Weg in den Untergrund
Aufgeblättert: Nanni Balestrinis »Der Verleger«
Von Jens Renner
Als Hommage an eine*n seiner produktivsten Autor*innen hat der Verlag Assoziation A einen erstmals 1992 auf deutsch erschienenen Roman neu herausgebracht: Nanni Balestrinis »Der Verleger«, ein politisch wie formal radikales Werk, geschrieben von einem Künstler, der zugleich revolutionärer Aktivist war. Es geht um den nie aufgeklärten Tod von Giangiacomo Feltrinelli, in Balestrinis Roman konsequent »der Verleger« genannt. Er starb im März 1972 durch die Explosion einer Bombe, angebracht an einen Strommast bei Segrate, am Stadtrand von Mailand.

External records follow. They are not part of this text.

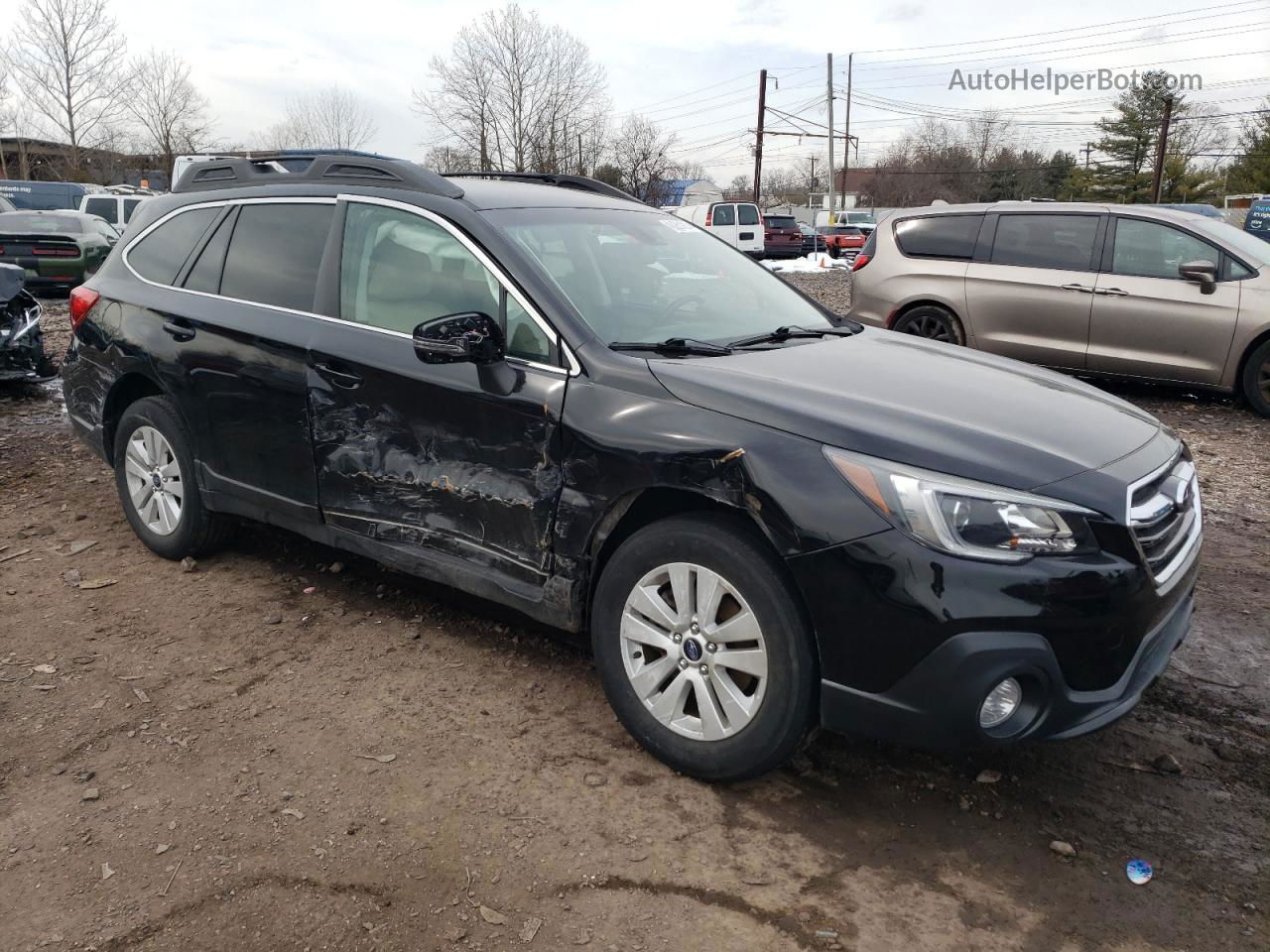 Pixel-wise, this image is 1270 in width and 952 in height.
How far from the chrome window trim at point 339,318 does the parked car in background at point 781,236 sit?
97.7ft

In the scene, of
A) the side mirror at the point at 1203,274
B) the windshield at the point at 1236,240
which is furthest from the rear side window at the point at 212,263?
the windshield at the point at 1236,240

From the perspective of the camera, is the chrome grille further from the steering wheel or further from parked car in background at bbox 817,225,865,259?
A: parked car in background at bbox 817,225,865,259

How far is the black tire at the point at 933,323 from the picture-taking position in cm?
912

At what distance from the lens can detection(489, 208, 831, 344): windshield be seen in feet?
11.1

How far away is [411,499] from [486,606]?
834 millimetres

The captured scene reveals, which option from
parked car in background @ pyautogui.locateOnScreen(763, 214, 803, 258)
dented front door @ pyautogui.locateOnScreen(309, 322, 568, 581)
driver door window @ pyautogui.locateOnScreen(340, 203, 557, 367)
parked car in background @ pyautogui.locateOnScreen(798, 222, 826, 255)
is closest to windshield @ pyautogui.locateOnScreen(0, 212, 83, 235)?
driver door window @ pyautogui.locateOnScreen(340, 203, 557, 367)

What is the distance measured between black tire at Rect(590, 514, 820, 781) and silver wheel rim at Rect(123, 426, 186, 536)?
2488 mm

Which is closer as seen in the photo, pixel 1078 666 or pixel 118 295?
pixel 1078 666

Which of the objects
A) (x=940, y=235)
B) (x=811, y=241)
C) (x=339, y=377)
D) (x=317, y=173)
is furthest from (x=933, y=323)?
(x=811, y=241)

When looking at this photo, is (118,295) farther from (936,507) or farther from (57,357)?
(57,357)

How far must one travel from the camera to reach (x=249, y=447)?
4078mm

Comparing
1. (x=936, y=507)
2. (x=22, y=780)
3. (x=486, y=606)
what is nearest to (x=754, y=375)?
(x=936, y=507)

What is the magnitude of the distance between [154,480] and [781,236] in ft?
102

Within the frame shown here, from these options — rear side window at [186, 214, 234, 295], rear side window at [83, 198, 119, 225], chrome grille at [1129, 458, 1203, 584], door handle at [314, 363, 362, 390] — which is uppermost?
rear side window at [83, 198, 119, 225] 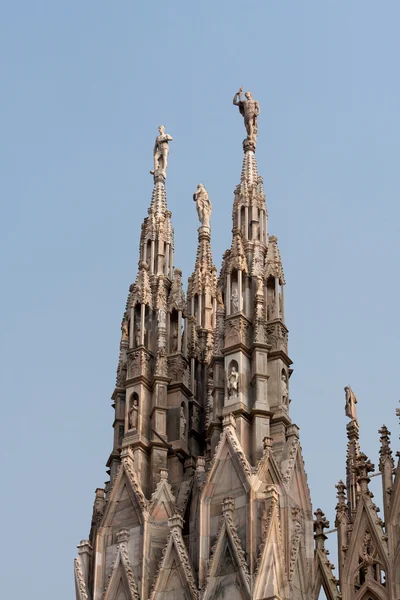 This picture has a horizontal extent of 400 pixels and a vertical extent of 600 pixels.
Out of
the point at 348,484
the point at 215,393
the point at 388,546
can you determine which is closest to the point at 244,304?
the point at 215,393

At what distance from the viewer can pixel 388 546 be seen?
27.4 metres

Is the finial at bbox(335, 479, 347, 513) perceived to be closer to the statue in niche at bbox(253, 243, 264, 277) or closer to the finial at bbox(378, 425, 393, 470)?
the finial at bbox(378, 425, 393, 470)

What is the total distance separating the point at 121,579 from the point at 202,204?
39.7 ft

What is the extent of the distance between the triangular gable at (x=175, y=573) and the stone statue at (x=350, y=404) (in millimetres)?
5159

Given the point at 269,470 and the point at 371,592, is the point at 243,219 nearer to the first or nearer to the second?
the point at 269,470

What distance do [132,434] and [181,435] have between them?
1230 millimetres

»Weshalb zieht ein reicher Mann, ein Millionär wie der Verleger alleine los, um eine Dynamitladung an einem Strommast anzubringen«, lautet eine der Fragen, die 1989 eine Gruppe linker Intellektueller in einem Film über den Verleger klären will. Das ist die Rahmenhandlung. Erzählt wird sie in den geraden der insgesamt zwölf Kapitel. In den ungeraden Kapiteln finden sich weltpolitische Nachrichten, Ermittlungsergebnisse und zynische Pressekommentare zur Person des verstorbenen »Abenteurers« und »Playboys der Revolution«. In den Diskussionen der letztlich scheiternden Filmcrew wird deutlich, dass der reale Feltrinelli sehr ernsthafte Gründe hatte, in den Untergrund zu gehen und sich – in der Tradition des antifaschistischen Widerstands der Resistenza – auf die militärische Konfrontation mit der subversiven Rechten vorzubereiten. Balestrini macht in seinem Roman die Anspannung fühlbar, die damals nicht nur die radikale Linke erfasste.
Nanni Balestrini: Der Verleger. Roman. Aus dem Italienischen von Christel Fröhlich und Andreas Löhrer. Assoziation A, Berlin und Hamburg 2020. 151 Seiten, 18 EUR.